The Cholas' military administration system was not limited to the establishment of garrisons and cantonments. They also maintained a well-trained and well-equipped army that was ready to respond to any threat to the empire's security. The Cholas also had a navy that patrolled the seas around their empire, protecting their trade routes and preventing piracy.

Overall, the Cholas' military administration system was a testament to their foresight and strategic planning. It provided security and stability to their empire, ensuring its continued prosperity and longevity. Following the Chola conquest of Anuradhapura, Senathipathi of the Sri Lanka Front Army of Rajaraja l and Rajendra I, Vallavaraiyan Vandiyadevan, garrisoned the city of Polonnaruwa to administer control over the island and deter any attempt of reconquest by the Sinhalese armies. After the troubles in the Pandya country, Kulothunga Chola I stationed his army in several military colonies along the main route to Pandya from Chola lands.
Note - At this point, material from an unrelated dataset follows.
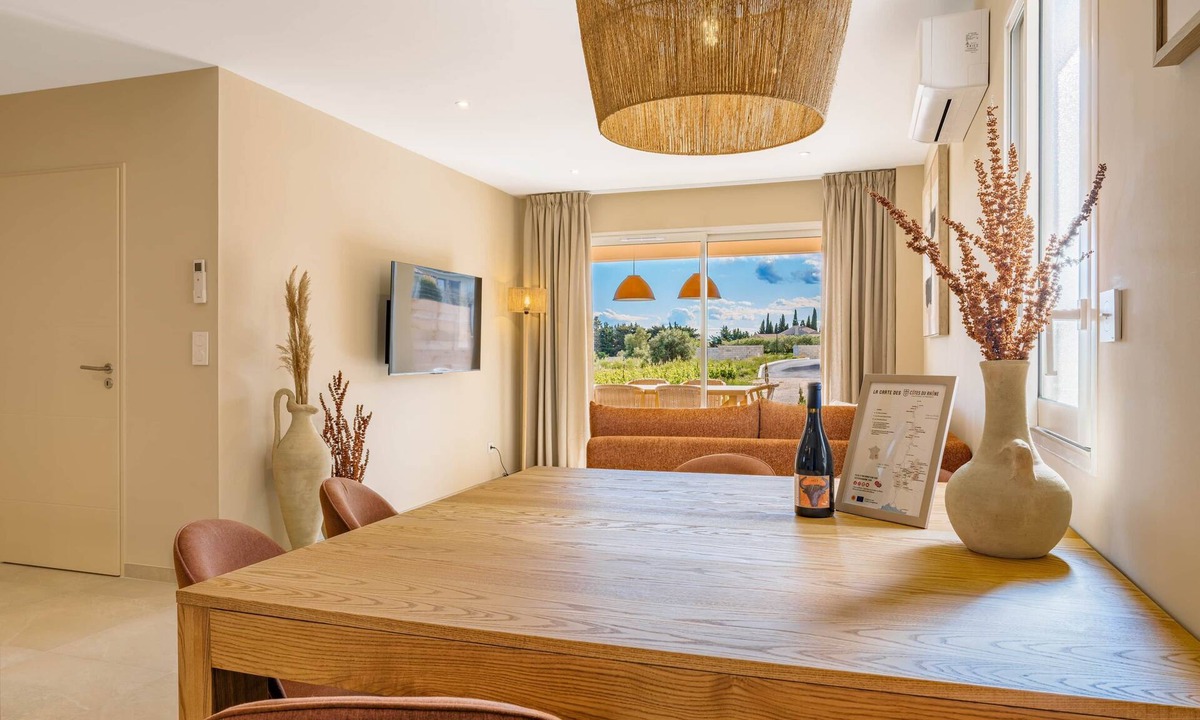 Estezargues House | Domus Solis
One such colony was found at Kottaru and another at Madavilagam near South Arcot district in Tamil Nadu.

== Navy ==

The maritime force of the Chola dynasty was established with ships primarily utilized for trade and transportation. Notably, the dynasty lacked a dedicated ship for naval combat. Instead, these ships were repurposed to transport the land army overseas. The Chola maritime force consisted of several types of ships, such as the Kalamukha, Manthai, and Sandhani ships. The Kalamukha was a warship equipped with a battering ram, while the Manthai was a cargo ship with a capacity of up to 500 passengers. The Sandhani was designed specifically to transport horses and elephants overseas. Despite the lack of a ship designed for naval battles, the Chola dynasty maintained a formidable maritime force through the strategic utilization of their ships for both trade and transportation purposes.